TASK DETAILS: In the data below, begin at the line with "أسمن طفل بالعالم" and stop after the line with "Image showing Gypsum model of human jaw"; output those lines exactly and no pictures.

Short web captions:
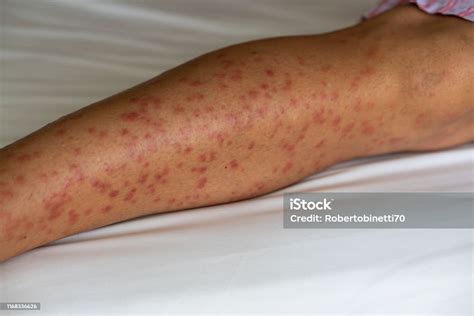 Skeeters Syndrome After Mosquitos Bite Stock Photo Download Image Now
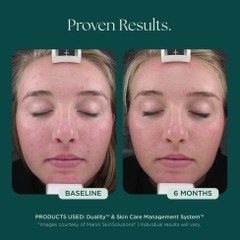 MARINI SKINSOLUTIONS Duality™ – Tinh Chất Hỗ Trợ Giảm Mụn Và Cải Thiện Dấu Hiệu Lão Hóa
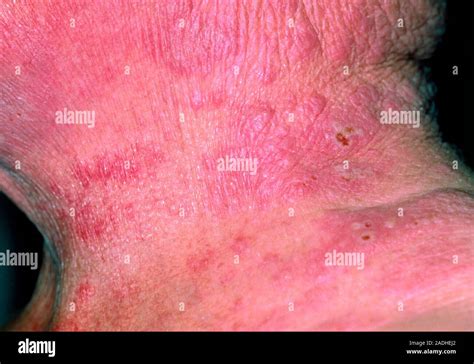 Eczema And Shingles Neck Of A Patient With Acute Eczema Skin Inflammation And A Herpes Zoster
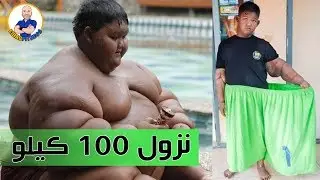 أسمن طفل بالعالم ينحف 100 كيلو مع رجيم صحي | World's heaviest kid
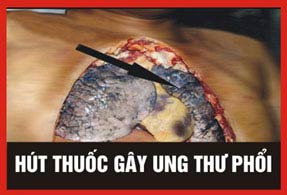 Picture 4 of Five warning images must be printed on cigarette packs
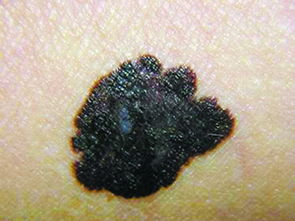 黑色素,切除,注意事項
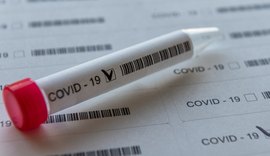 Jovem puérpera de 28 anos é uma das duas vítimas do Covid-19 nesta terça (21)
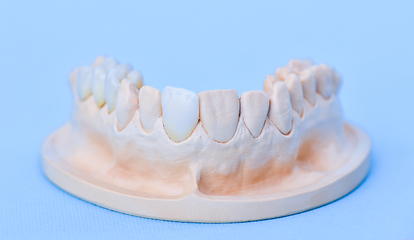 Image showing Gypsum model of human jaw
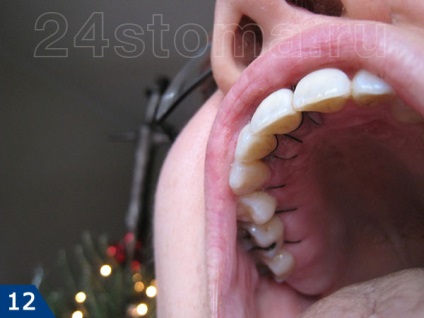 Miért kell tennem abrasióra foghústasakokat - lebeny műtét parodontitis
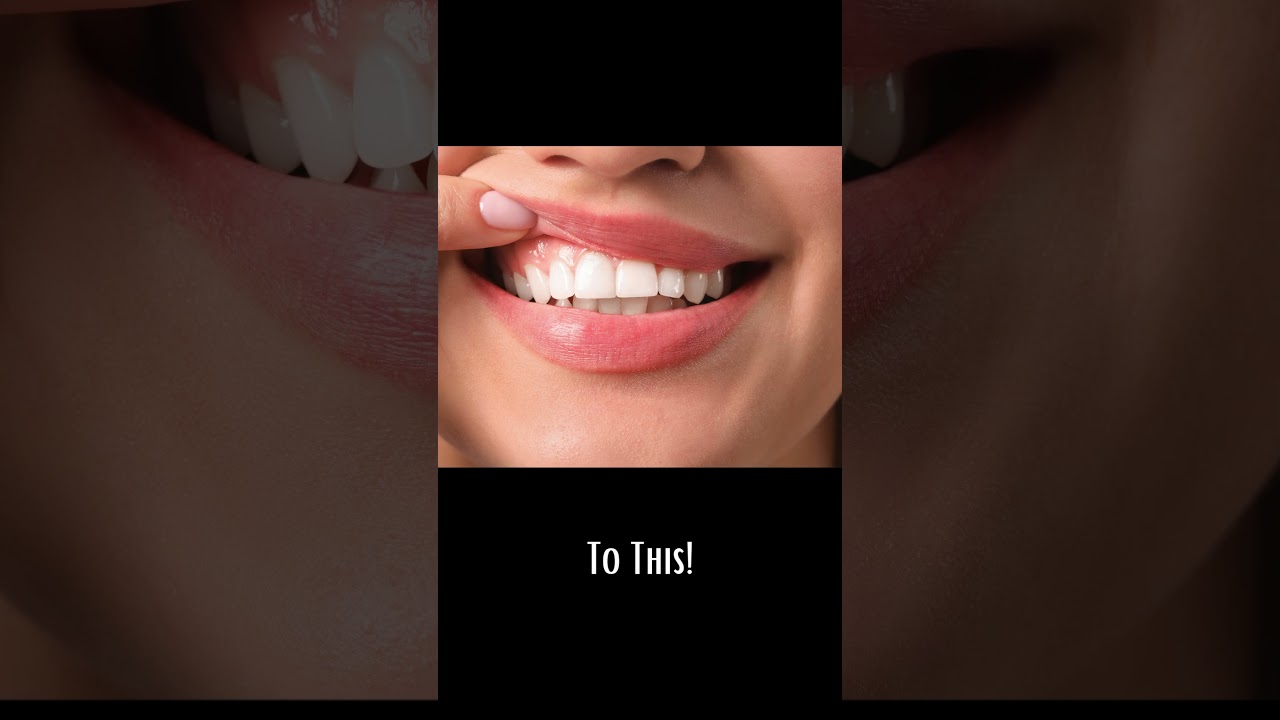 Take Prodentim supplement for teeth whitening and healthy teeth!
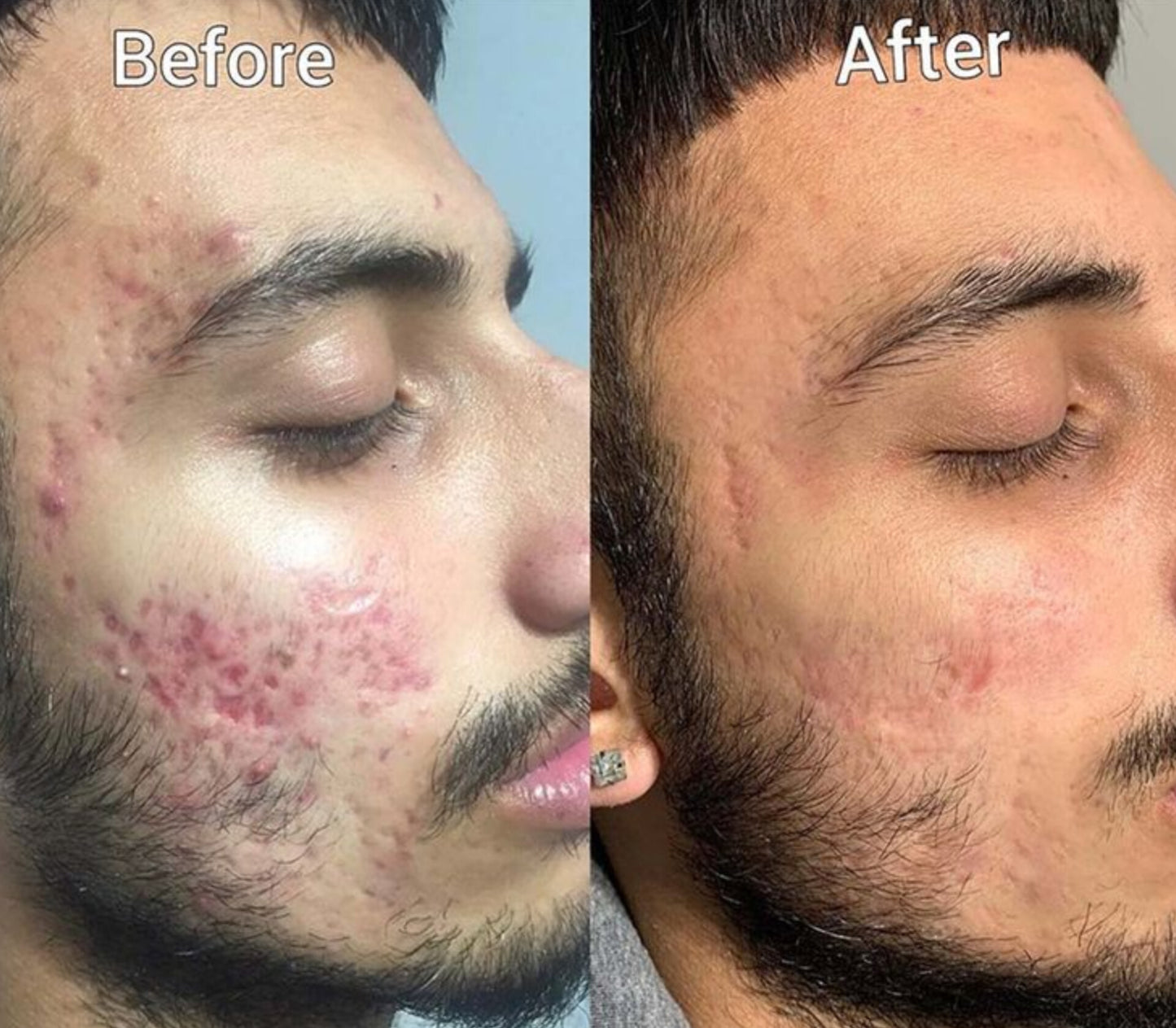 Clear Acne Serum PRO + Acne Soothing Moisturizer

ANSWER TO THIS TASK:
 أسمن طفل بالعالم ينحف 100 كيلو مع رجيم صحي | World's heaviest kid
 Picture 4 of Five warning images must be printed on cigarette packs
 黑色素,切除,注意事項
 Jovem puérpera de 28 anos é uma das duas vítimas do Covid-19 nesta terça (21)
 Image showing Gypsum model of human jaw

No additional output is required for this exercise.